### PROVIDED INFORMATION
# # #
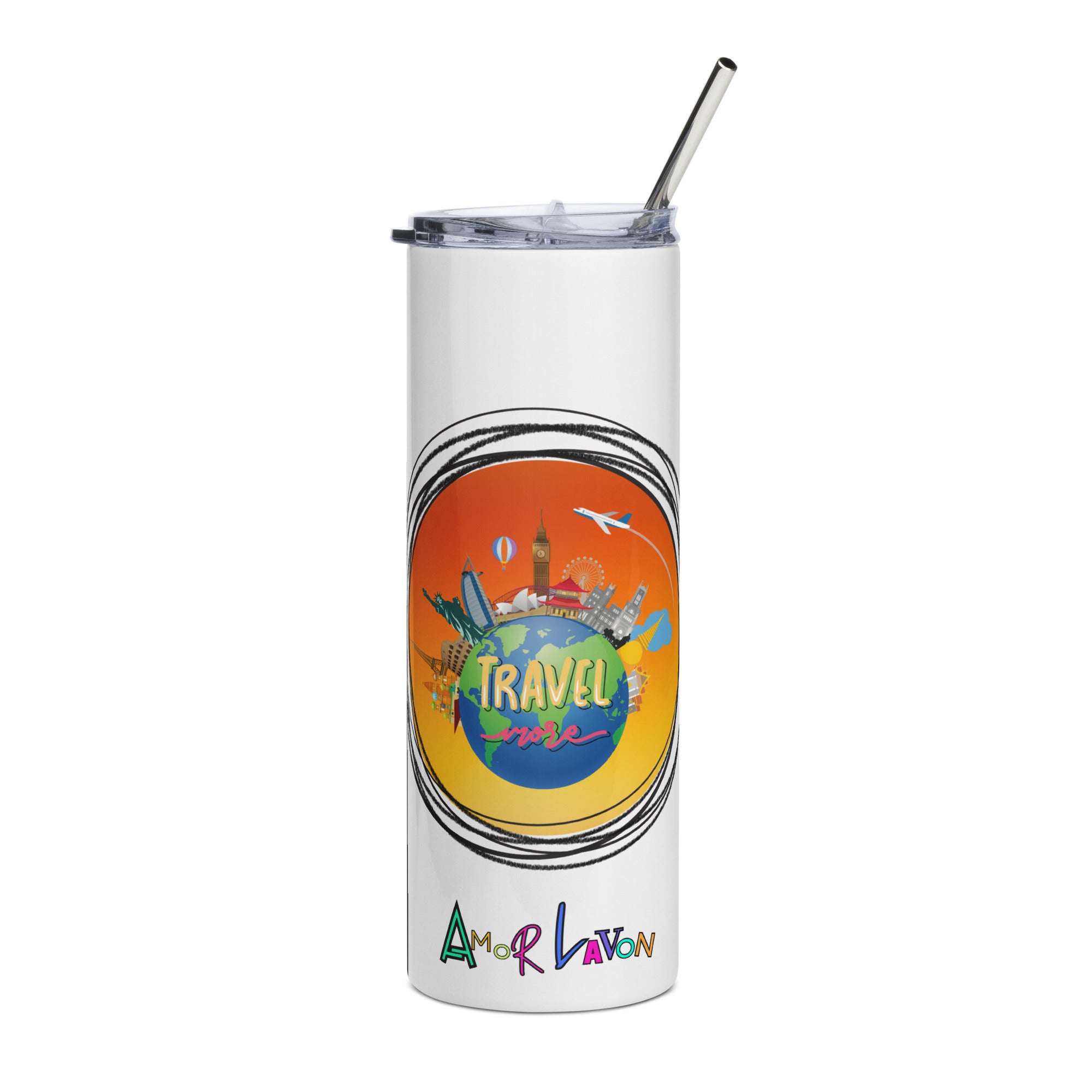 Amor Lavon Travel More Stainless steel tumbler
# # #
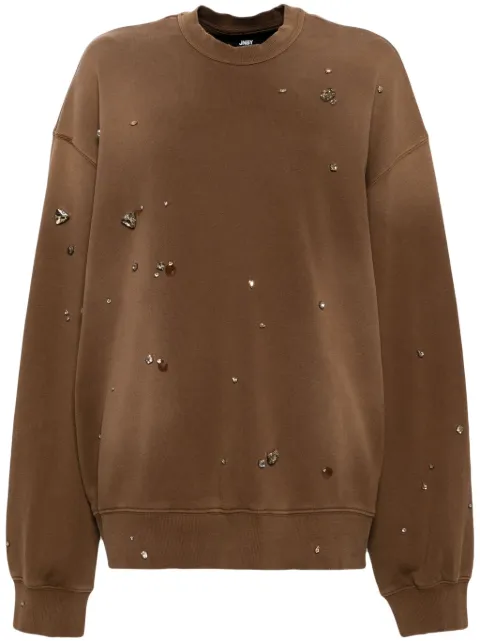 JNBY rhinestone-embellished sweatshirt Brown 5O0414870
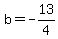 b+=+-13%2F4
# # #
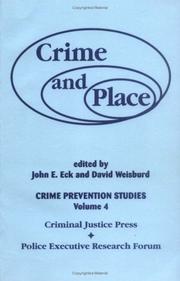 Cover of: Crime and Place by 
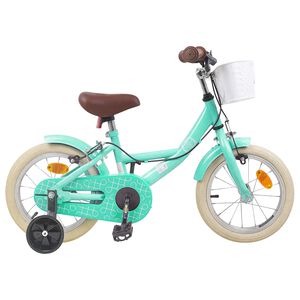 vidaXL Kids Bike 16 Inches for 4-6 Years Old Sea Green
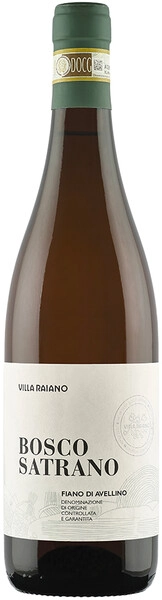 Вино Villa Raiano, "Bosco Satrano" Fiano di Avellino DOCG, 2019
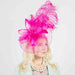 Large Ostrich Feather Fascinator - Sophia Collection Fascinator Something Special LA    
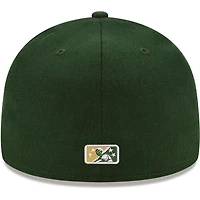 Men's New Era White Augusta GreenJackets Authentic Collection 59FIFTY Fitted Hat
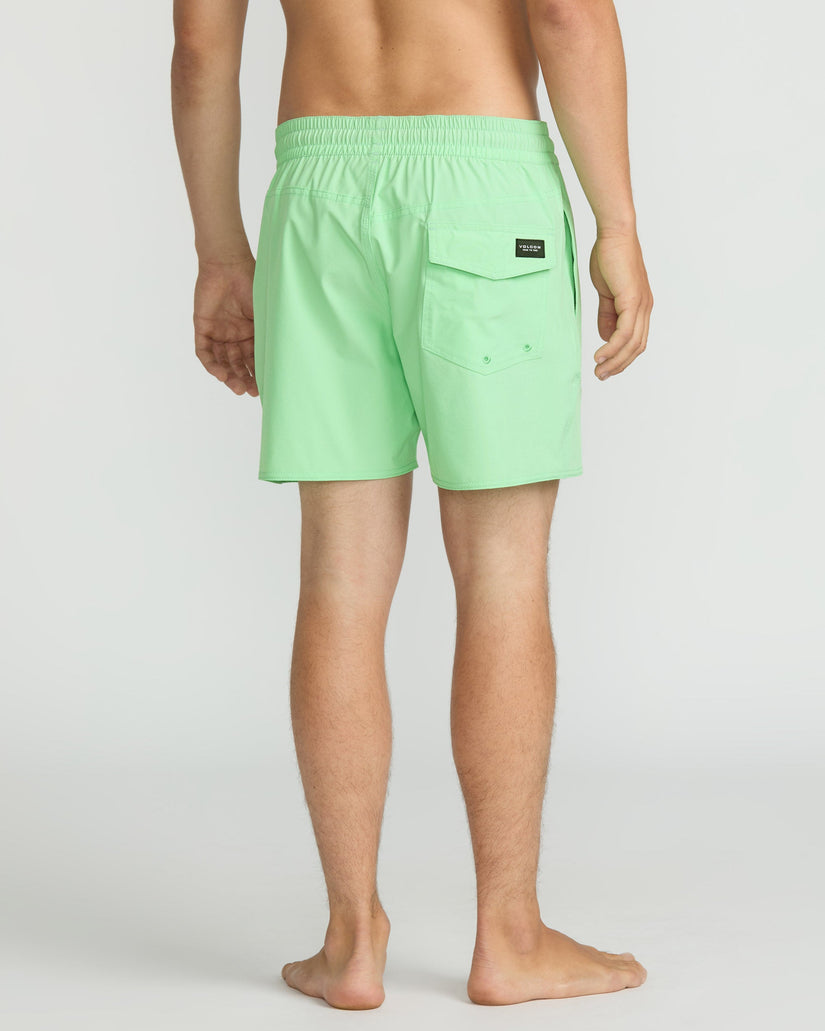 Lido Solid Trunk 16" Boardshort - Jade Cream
# # #
### WHAT THE EXERCISE ASKS
Reproduce the lines above beginning at the line that contains "JNBY rhinestone-embellished sweatshirt" and ending at the line that contains "b+=+-13%2F4". No pictures.

### RESPONSE
 JNBY rhinestone-embellished sweatshirt Brown 5O0414870
 b+=+-13%2F4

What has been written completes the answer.